*The task*
Exact reproduction of the listing is required. Pictures are not reproduced.

*Data shown*
○ ○ ○ ○ ○

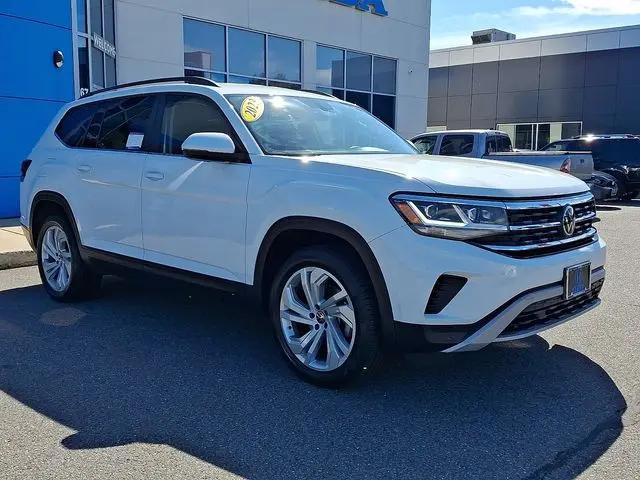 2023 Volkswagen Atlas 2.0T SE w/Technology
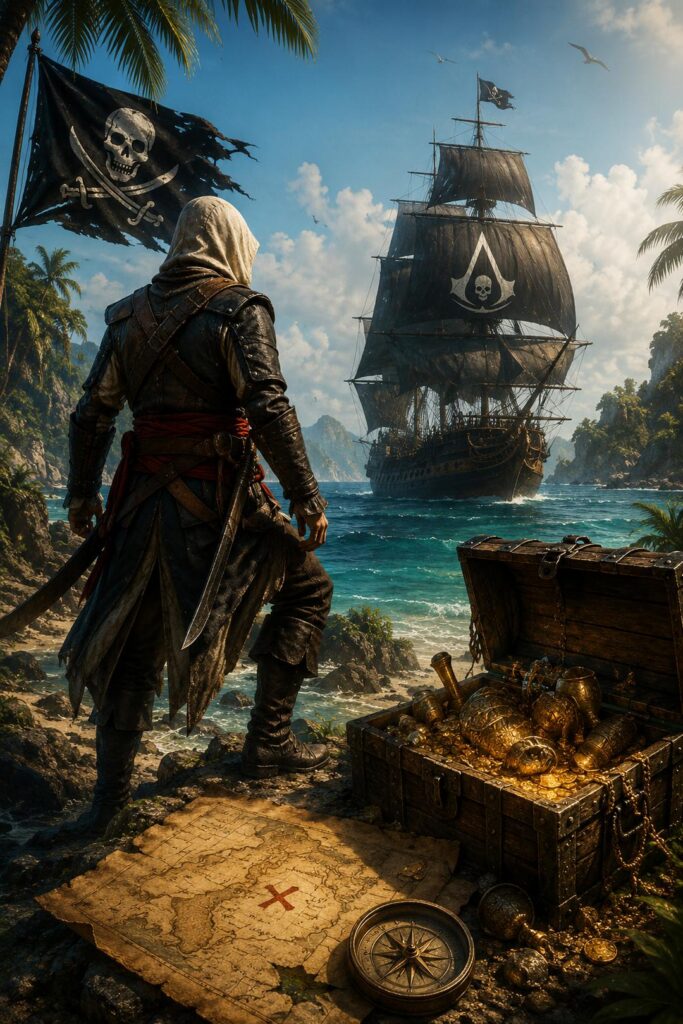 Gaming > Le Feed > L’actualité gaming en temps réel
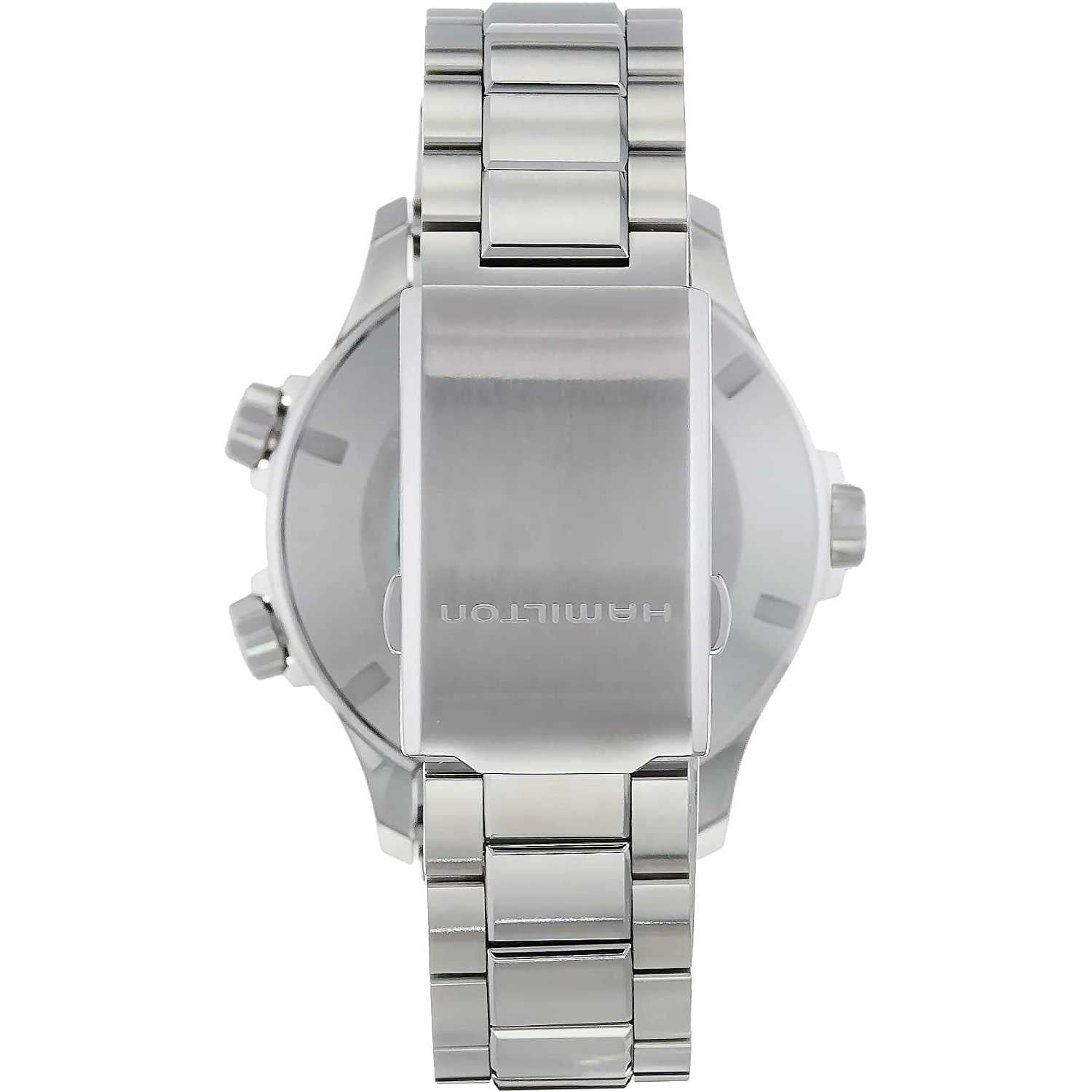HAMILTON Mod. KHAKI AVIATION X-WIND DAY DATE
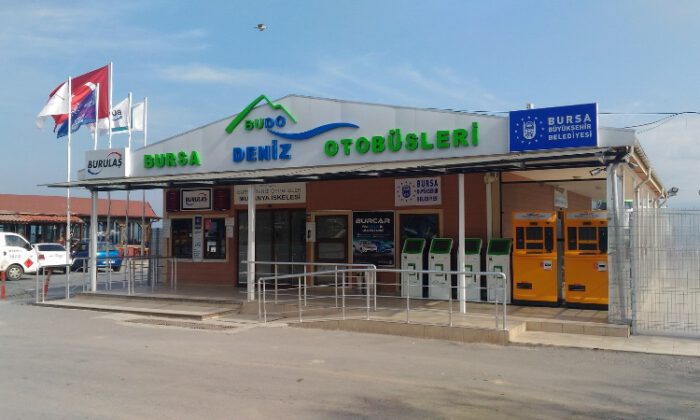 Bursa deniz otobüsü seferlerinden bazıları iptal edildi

○ ○ ○ ○ ○

*Task answer*
 2023 Volkswagen Atlas 2.0T SE w/Technology
 Gaming > Le Feed > L’actualité gaming en temps réel
HAMILTON Mod. KHAKI AVIATION X-WIND DAY DATE
 Bursa deniz otobüsü seferlerinden bazıları iptal edildi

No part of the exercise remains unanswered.